研修を受けて配属された現場の先輩や上司は、新人の博学さ?と理屈っぽさで、面食らうことも多いらしい。そりゃ、そうだ。現場の経験が一切ないのに、理屈ばかり頭に詰め込んでも、すぐに役立つはずがない。現場の上司は大変だろうな。
その方は、講師を務めながらも、その効果には疑問を感じているようでした。
10年前のいわゆる企業研修フェアと近年のそれとの最大の違いは、新人や若手向けの研修プログラムの多さだと思います。特に、2004年頃からのミニバブルの大量採用が影響しているのではと思います。
新人獲得競争が復活し、学生に魅力ある企業だと思ってもらうには、豊富な新人・若手向け研修もアピーリングだったのかもしれません。また、大量に加わる新人を、現場では教育しきれず、外部研修会社に依存することも増えたのでしょう。OJTは、死語と課しつつありましたし。
その話を聞いて思い出したのが、私が新卒時に受けた新人研修と、唯一手がけた新人研修のあるプログラムです。

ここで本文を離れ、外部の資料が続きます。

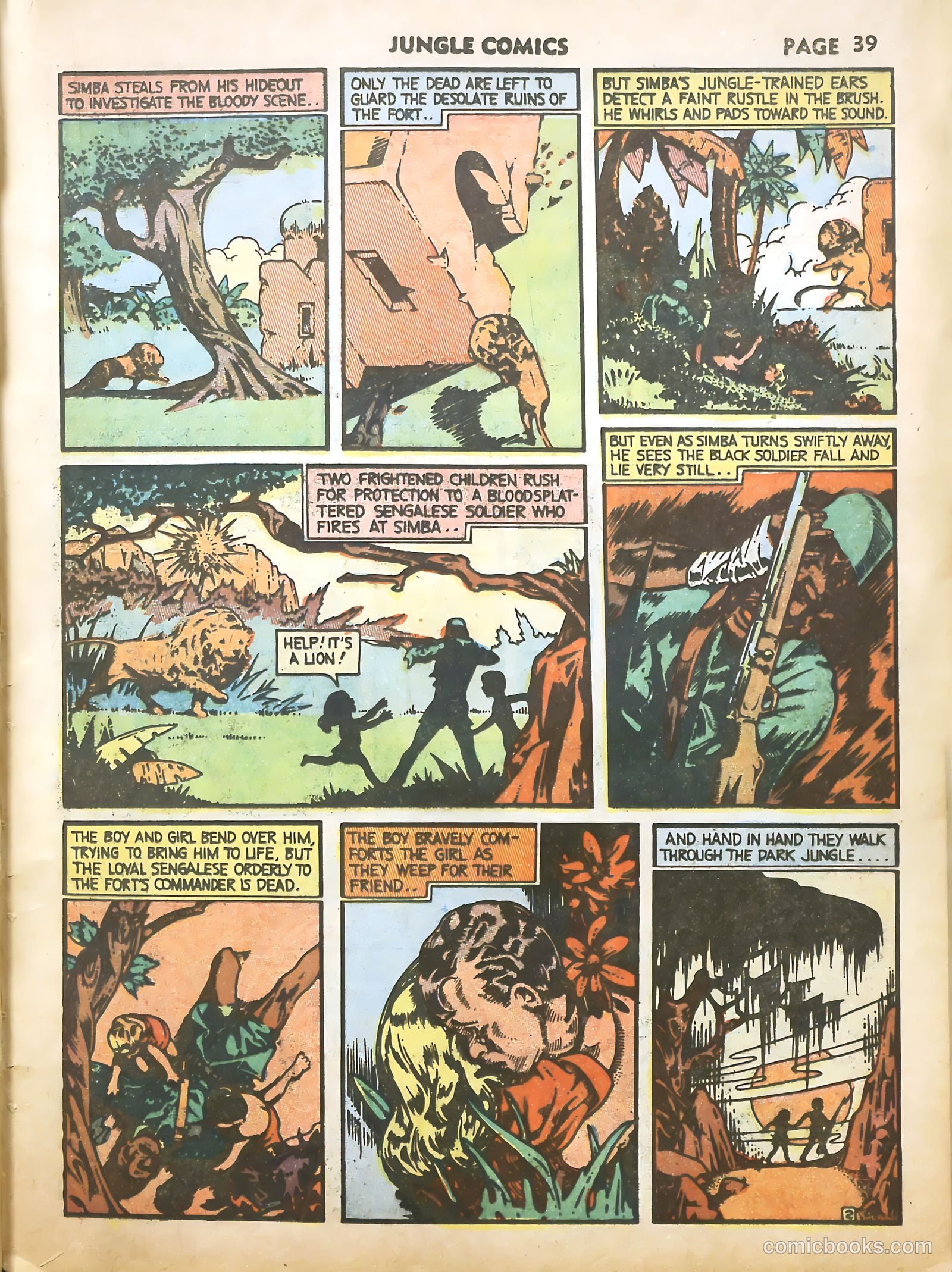 Jungle Comics #16 (1941) — page 41 of 68
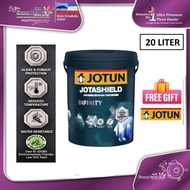 20L JOTUN INFINITY EXTERIOR PAINT (0001 WHITE) - CAT PUTIH CAT AIR CAT DINDING LUAR + 7" ROLLER REFI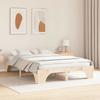 Natural Wooden Bed Frame 140 x 200 cm Solid Pine Wood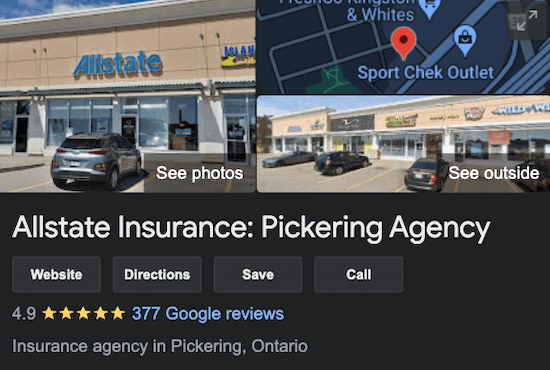 Allstate Insurance Pickering Google Reviews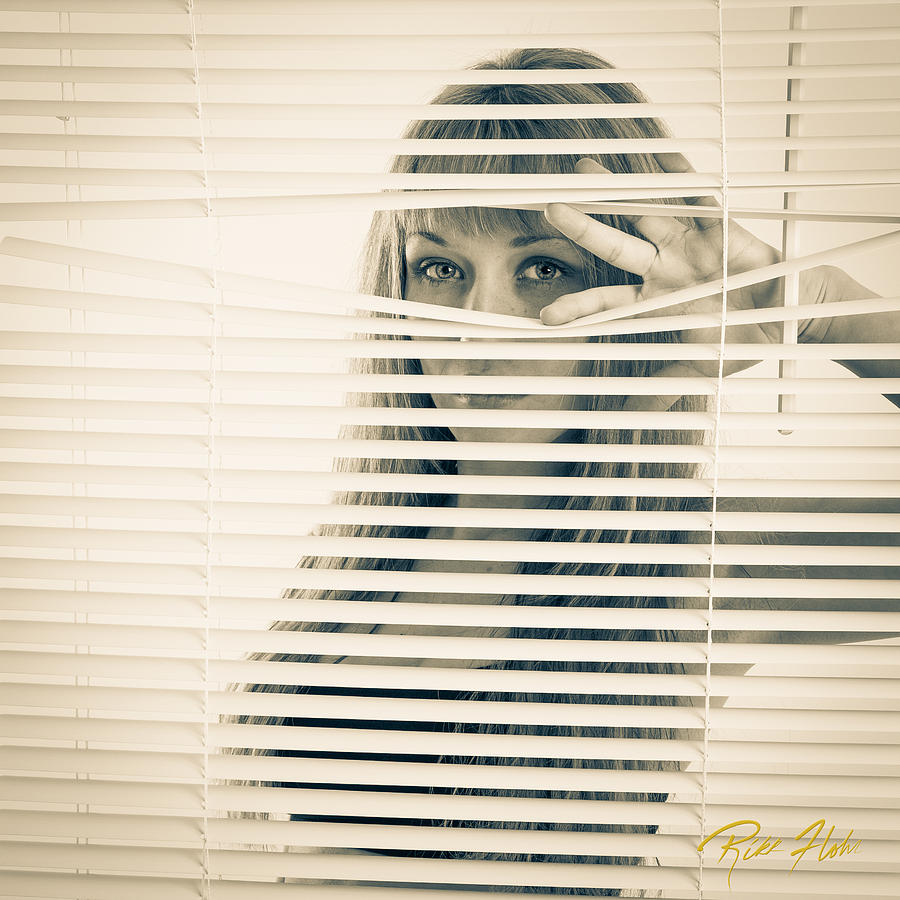 Peeping Alex Photograph by Rikk Flohr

私は銀行に入行するとすぐに、2週間の新人研修に送りこまれました。町田郊外の研修所での缶詰合宿です。そこで、教育研修室指導のもとで、札勘(お札を数える)、加算機(大きめの電卓)、そろばん!の基礎技術を徹底的に訓練させられました。他にも財務分析などメニューはいろいろありましたが、よく覚えていません。同期は269名。40人くらいのクラスに分けられ、研修は進みます。クラス内のグループ対抗や、クラス対抗で、競わせることが基本だったと思います。2週間の研修で何を得たかといえば、先の基礎技術と同期の絆だったと思います。今思えば、銀行の意図も、そこにあったのだと思います。銀行でこれから長年いい仕事をしていく上では、同期の絆は、何よりも大事な財産ですから。そういう意味では、新人研修でしかできないことを、してくれたのだと感謝しています。(途中で退職したとはいえ)
それから、もう15年くらい前になりますが、一度だけクライアント企業に新人研修の1プログラムを開発し、提供しました。某大手通信企業の新人、約250名が対象です。依頼内容は、大学・大学院から社会人になりたての新入社員に、「社会と企業と個人の関係を理解させてほしい」という、今思い出しても難しいテーマでした。ようは、企業で働くうえでの社会人としての自覚を持たせてほしいということです。ここで、プログラム内容は書きませんが、非常に苦労しました。でも、最終的には受講者にもクライアントにも満足頂き、大きな達成感を味わったことを覚えています。
今年は、採用人数も大幅に絞られ、新入社員研修の形も変わっていくことでしょう。決して、「実施することに意味がある」というようなものには、していただきたくはありません。